**Records provided:**
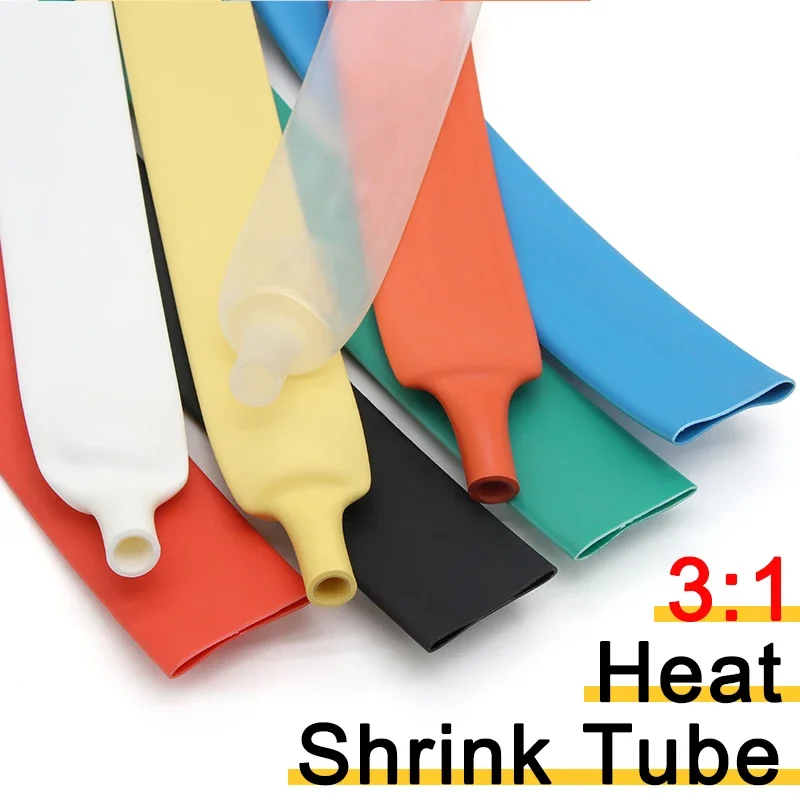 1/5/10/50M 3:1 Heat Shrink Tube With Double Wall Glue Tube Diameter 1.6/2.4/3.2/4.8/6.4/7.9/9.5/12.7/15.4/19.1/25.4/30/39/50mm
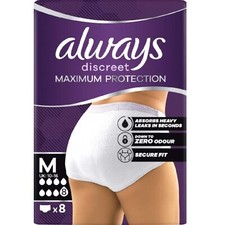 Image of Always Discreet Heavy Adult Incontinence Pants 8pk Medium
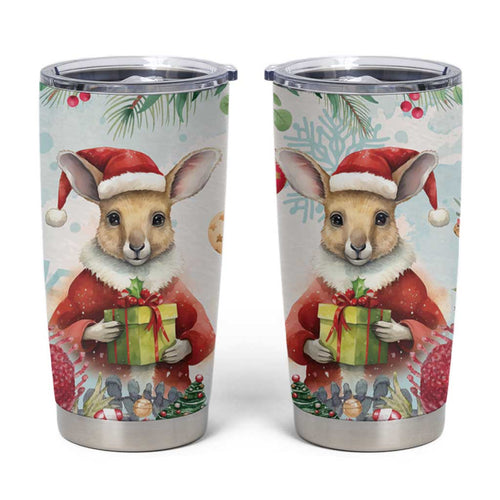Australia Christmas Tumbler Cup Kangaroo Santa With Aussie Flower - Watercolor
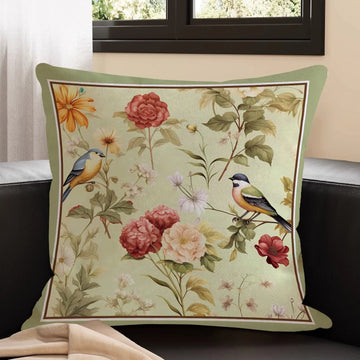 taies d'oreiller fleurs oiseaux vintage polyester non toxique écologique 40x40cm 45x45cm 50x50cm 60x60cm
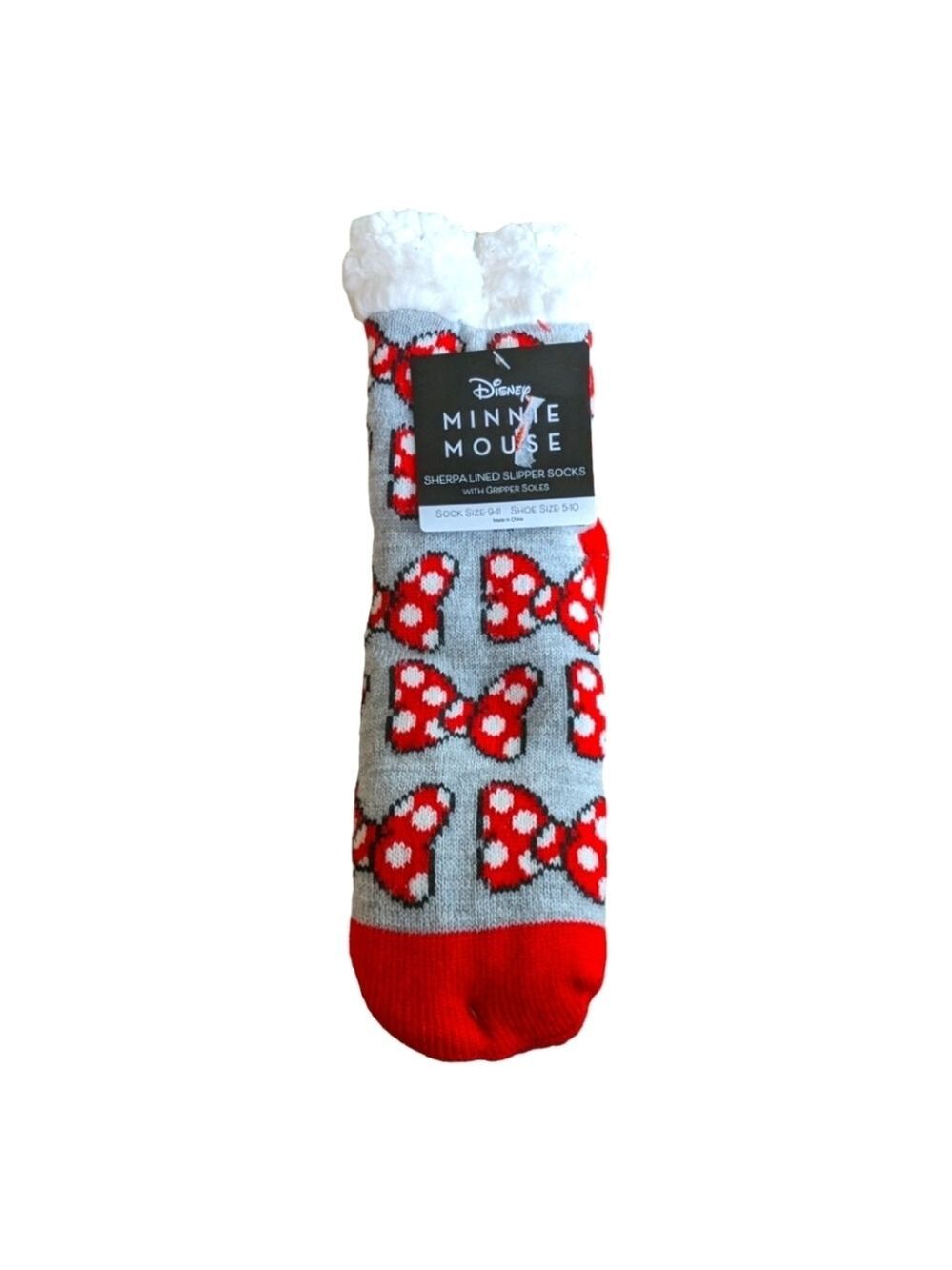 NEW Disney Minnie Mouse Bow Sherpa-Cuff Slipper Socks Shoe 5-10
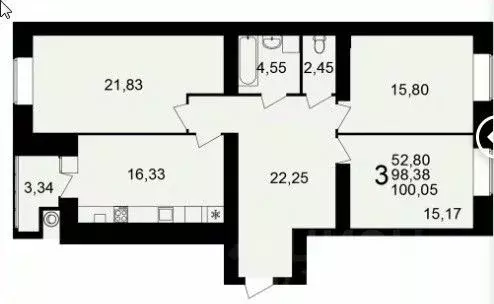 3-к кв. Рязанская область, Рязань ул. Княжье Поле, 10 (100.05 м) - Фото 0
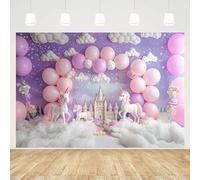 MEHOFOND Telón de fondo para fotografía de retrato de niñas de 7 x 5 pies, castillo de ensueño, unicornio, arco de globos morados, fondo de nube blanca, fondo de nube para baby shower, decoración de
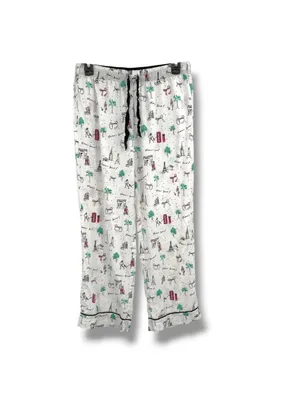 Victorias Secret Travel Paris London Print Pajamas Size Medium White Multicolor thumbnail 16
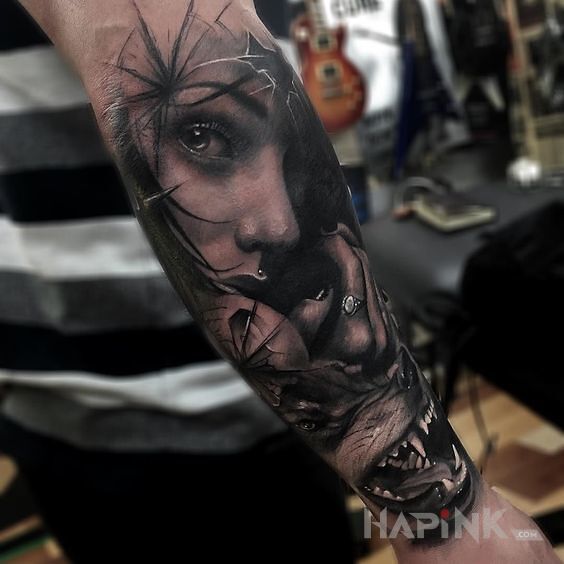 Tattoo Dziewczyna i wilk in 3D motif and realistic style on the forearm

==

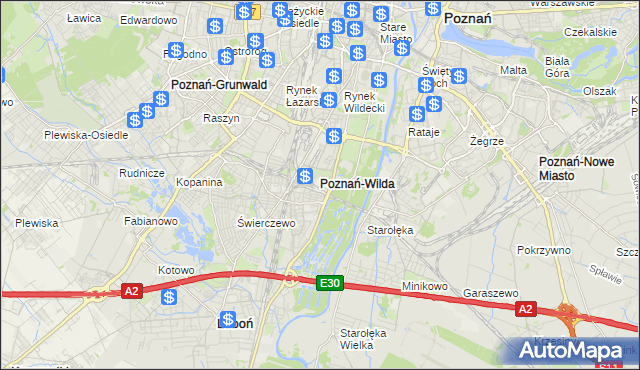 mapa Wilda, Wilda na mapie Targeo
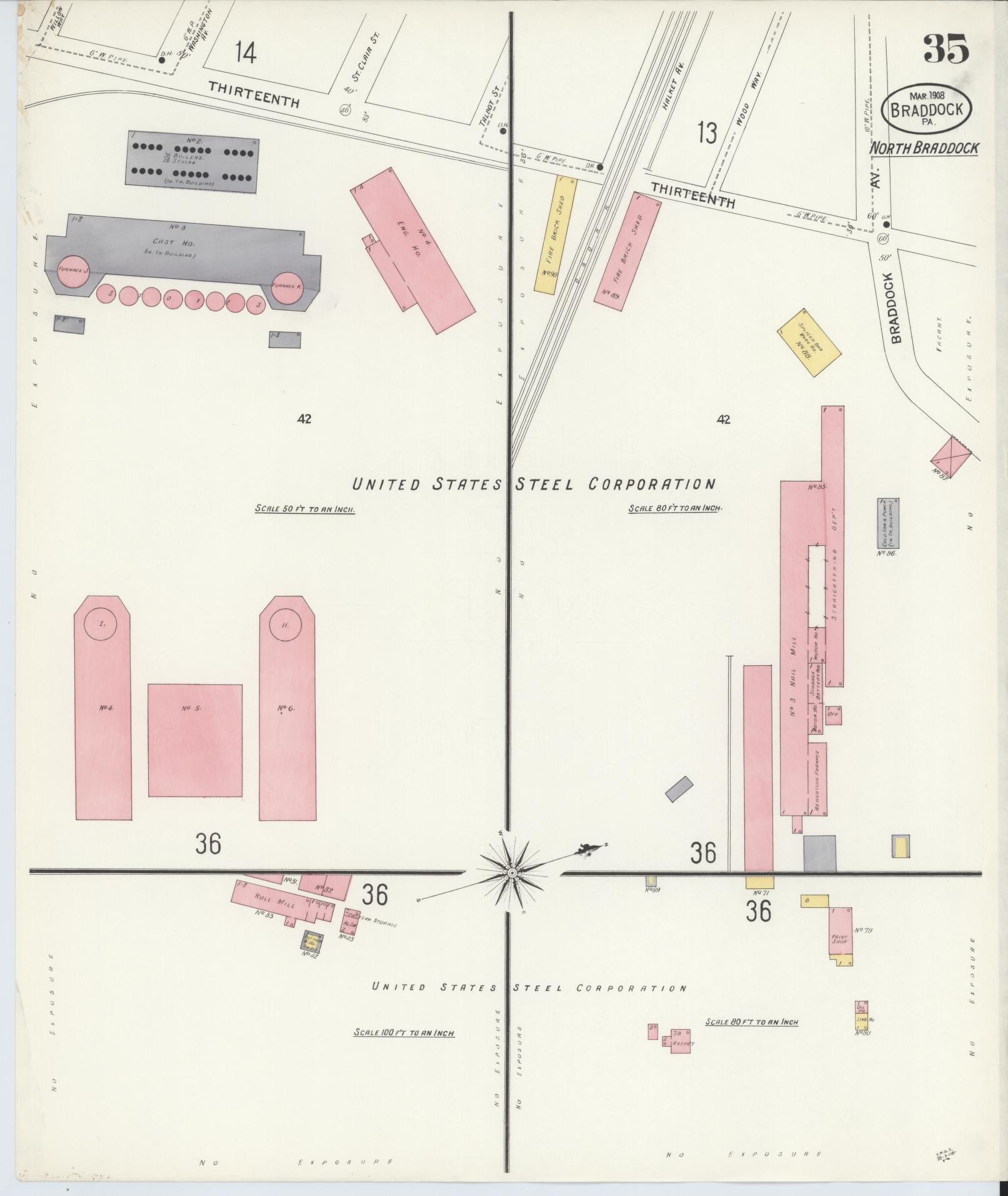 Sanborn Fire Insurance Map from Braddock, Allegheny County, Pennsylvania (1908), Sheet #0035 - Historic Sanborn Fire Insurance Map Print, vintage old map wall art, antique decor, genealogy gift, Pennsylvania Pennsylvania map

**Assignment:** Beginning at the line above that contains "NEW Disney Minnie", repeat each line exactly through the one that contains "Tattoo Dziewczyna i", and leave out the pictures.

**Completed task:**
 NEW Disney Minnie Mouse Bow Sherpa-Cuff Slipper Socks Shoe 5-10
 3-к кв. Рязанская область, Рязань ул. Княжье Поле, 10 (100.05 м) - Фото 0
 MEHOFOND Telón de fondo para fotografía de retrato de niñas de 7 x 5 pies, castillo de ensueño, unicornio, arco de globos morados, fondo de nube blanca, fondo de nube para baby shower, decoración de
 Victorias Secret Travel Paris London Print Pajamas Size Medium White Multicolor thumbnail 16
 Tattoo Dziewczyna i wilk in 3D motif and realistic style on the forearm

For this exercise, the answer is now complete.